* [Raw data]:
Start of Block
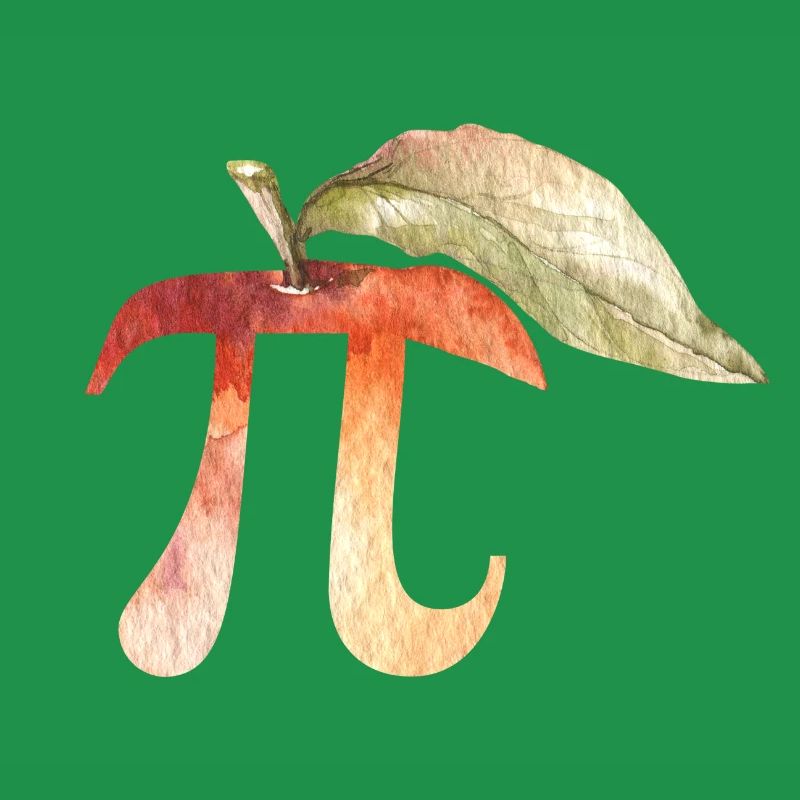 Cadeaux de science de maths de Pi jour, signe de Pi. Amants de maths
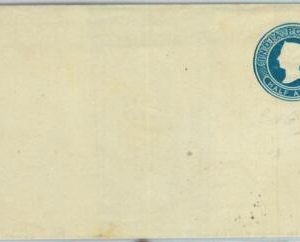 BK0288 - INDIA - POSTAL HISTORY - Stationery Cover H & G # 1 TURKEY MILL wmk!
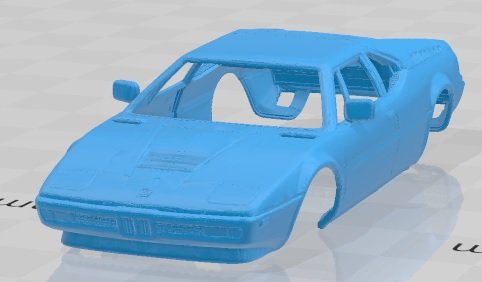 M1 E26 Printable Body Car 3D Принт Модель .c4d .max .obj .3ds .fbx .stl .blend 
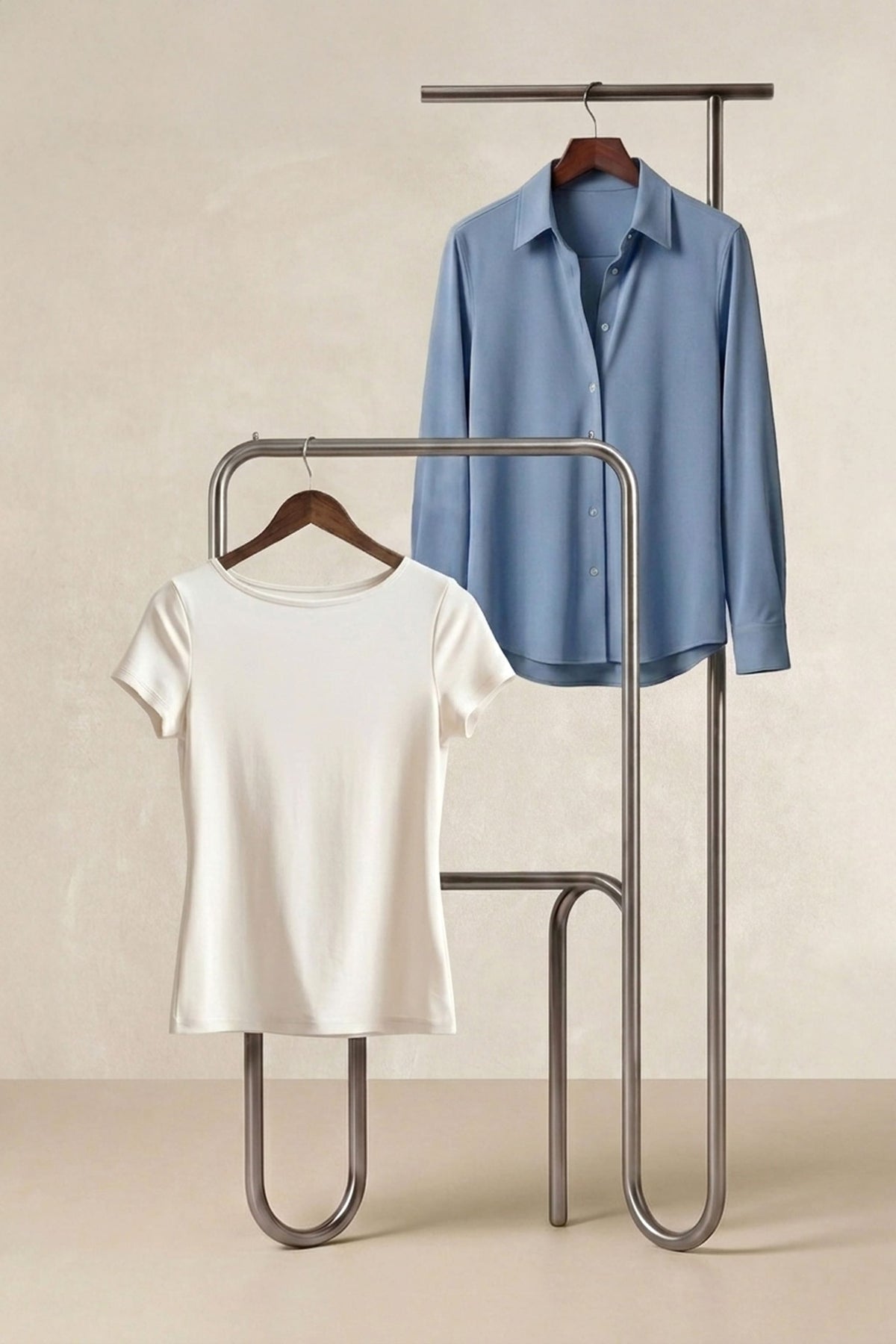 Pack Mujer Camisa + Camiseta básica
End of Block
* [Exercise]: Print out the complete listing above exactly, dropping each image.

* [Solution for this exercise]:
 Cadeaux de science de maths de Pi jour, signe de Pi. Amants de maths
 BK0288 - INDIA - POSTAL HISTORY - Stationery Cover H & G # 1 TURKEY MILL wmk!
 M1 E26 Printable Body Car 3D Принт Модель .c4d .max .obj .3ds .fbx .stl .blend 
 Pack Mujer Camisa + Camiseta básica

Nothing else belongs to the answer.